WASHINGTON – President Donald Trump is suggesting a delay may be needed in the Supreme Court confirmation hearings of Judge Brett Kavanaugh after a woman went public saying the judge sexually assaulted her when they were in high school.
"If it takes a little delay it'll take a little delay," Trump told reporters Monday. "I'm sure it will work out very well."
"We want to go through a full process...and hear everybody out,” he said.
But Senate Majority Leader Mitch McConnell blasted Democrats Monday for not raising the issue sooner, and for leaking it to the press instead of bringing it before the committee.
"After Democrats have spent weeks and weeks searching for any possible reason that the nomination should be delayed, now they choose to introduce this allegation," McConnell said.

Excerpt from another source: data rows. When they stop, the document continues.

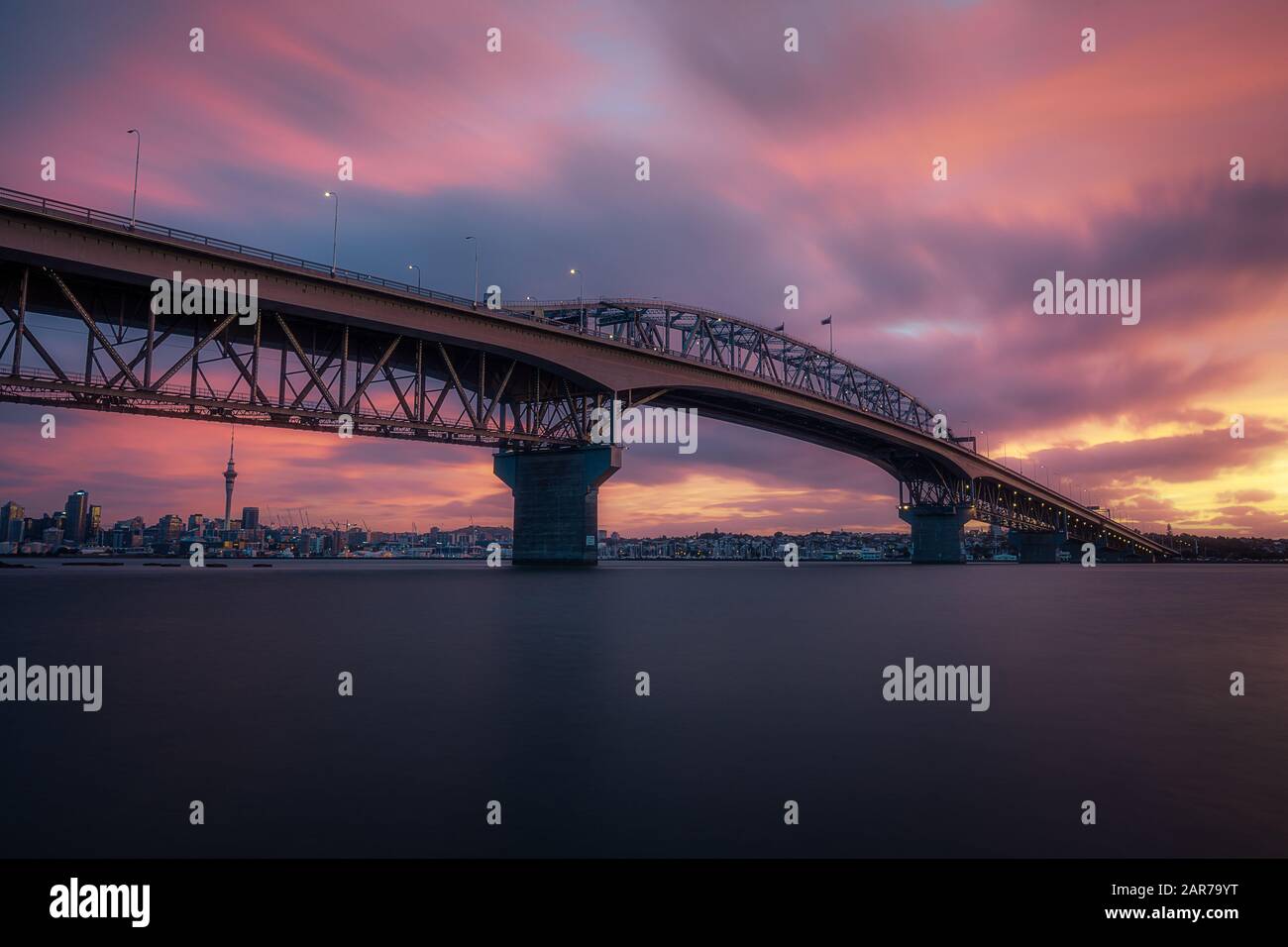Coucher de soleil sur le pont du port d'Auckland, Nouvelle-Zélande Photo  Stock - Alamy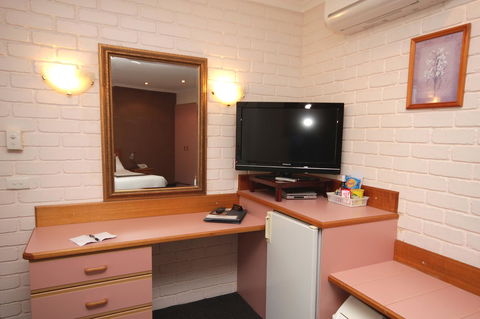 Sapphire Waters Motor Inn - Tourism Brisbane 9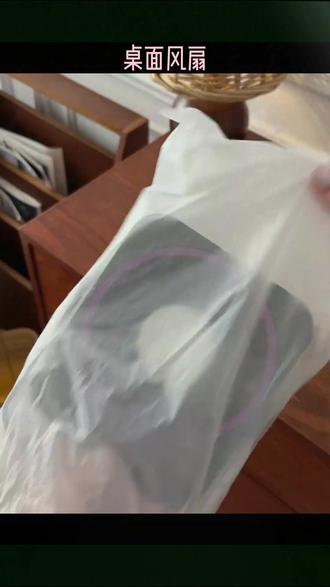 我天!买到一个质量和颜值都在线的桌面小风扇,吹出来的风都是自带凉感的,巨舒服!还是大品牌的靠谱! #桌面风扇 #小风扇 #台式小风扇 #静音风扇 #在抖音入手的好东西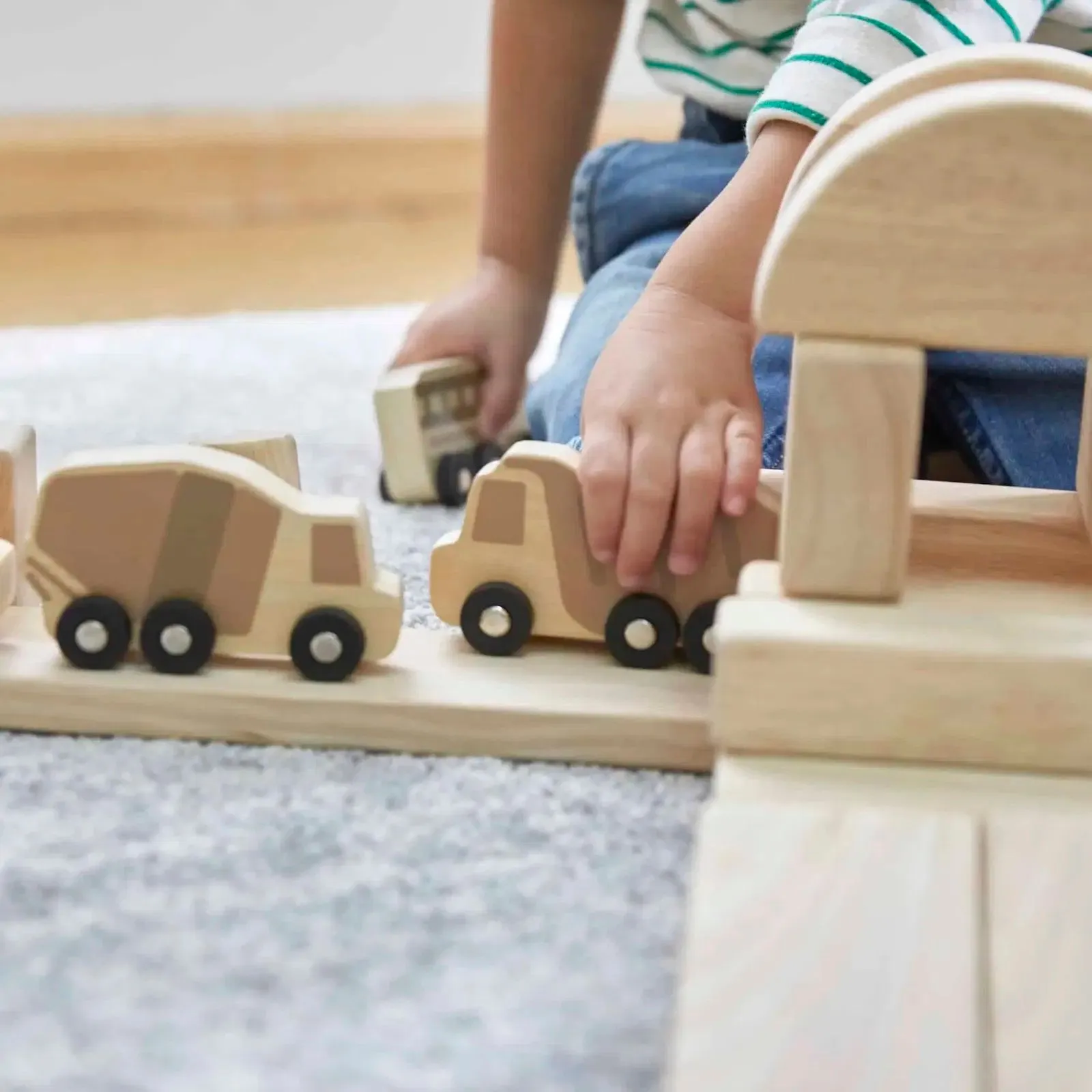 Naturholz-Autos 10er Set | Kleine Holzautos | Dragon Toys_30309_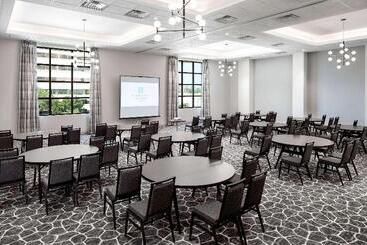 هتل Embassy Suites By Hilton Tampa Airport Westshore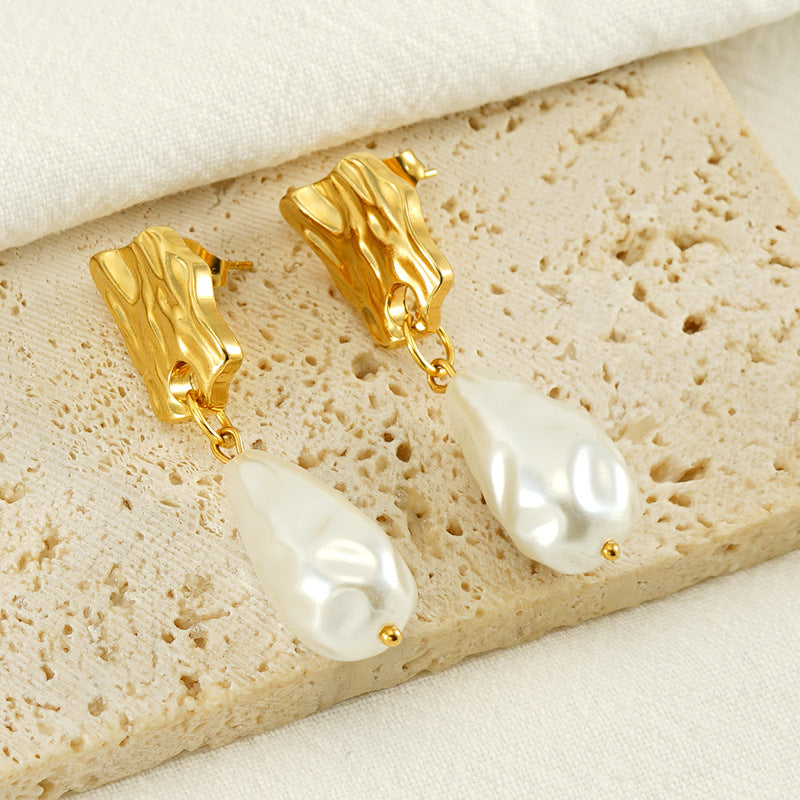 Beautiful Pearl Drop Earrings in 18k Gold-Plated Stainless Steel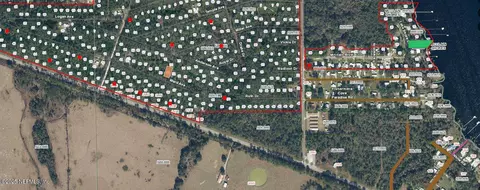 318 Ward Ave, Crescent City, FL 32112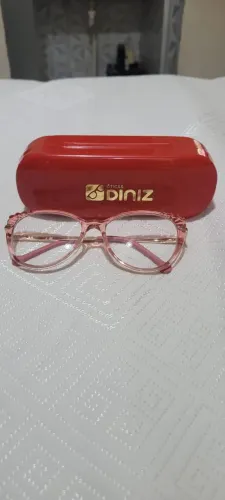 Óculos modelo Ana Hickmann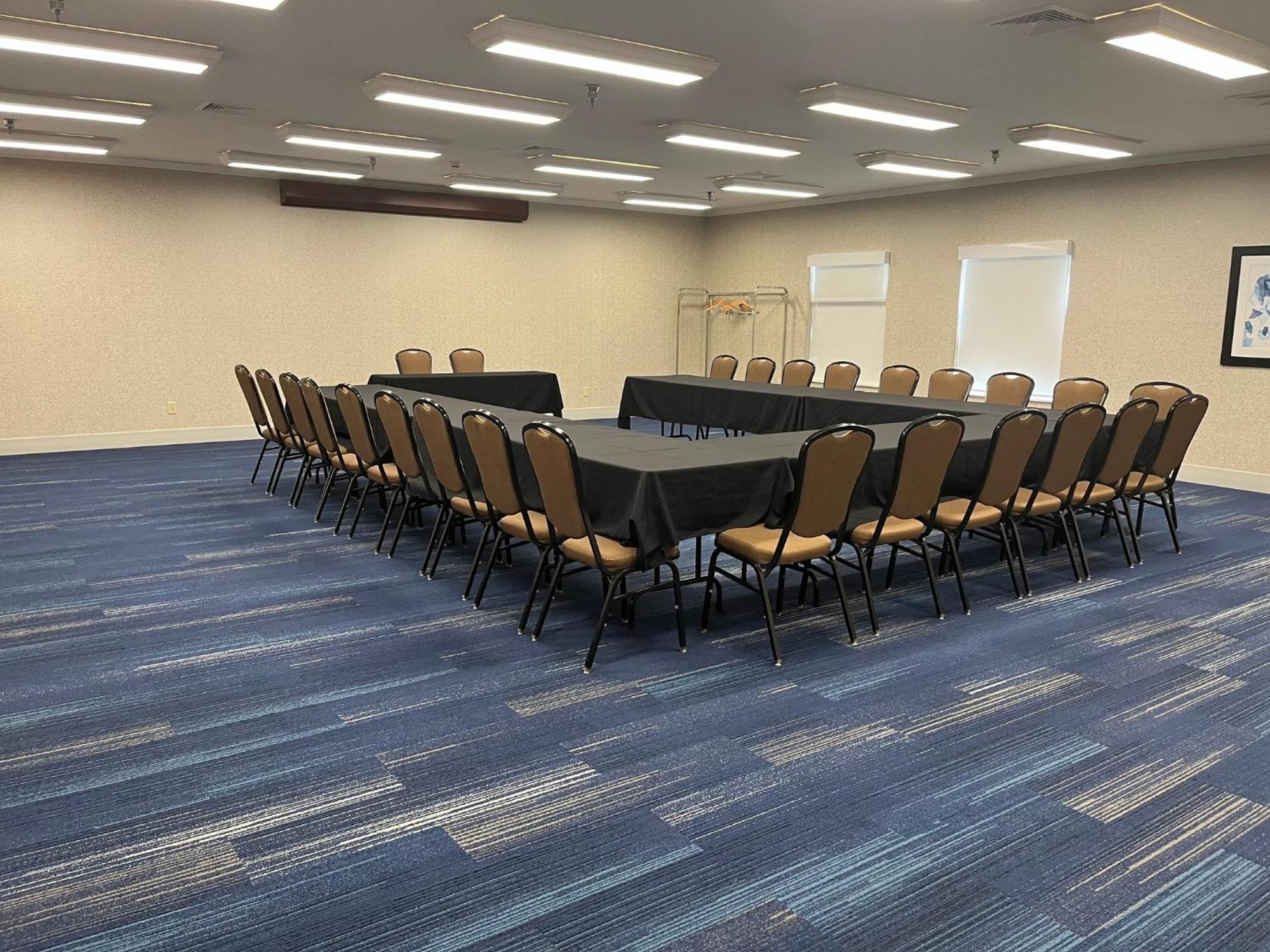Holiday Inn Express Hotel & Suites Sioux Falls At Empire Mall By Ihg מראה חיצוני תמונה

Accuser Christine Blasey Ford came forward publicly Sunday, claiming the 53-year-old judge attacked her when they were teenagers at a high school party in the early 1980s.
"He was trying to attack me and remove my clothing," said Ford, a 51-year-old research psychologist in Northern California. "I thought he might inadvertently kill me."
Asking for anonymity, Ford first shared her story in a letter dated July 30 with Sen. Dianne Feinstein (D-CA). The Democrat senator later turned it over to the FBI, but she only revealed its existence to the public after Kavanaugh's confirmation hearings were over.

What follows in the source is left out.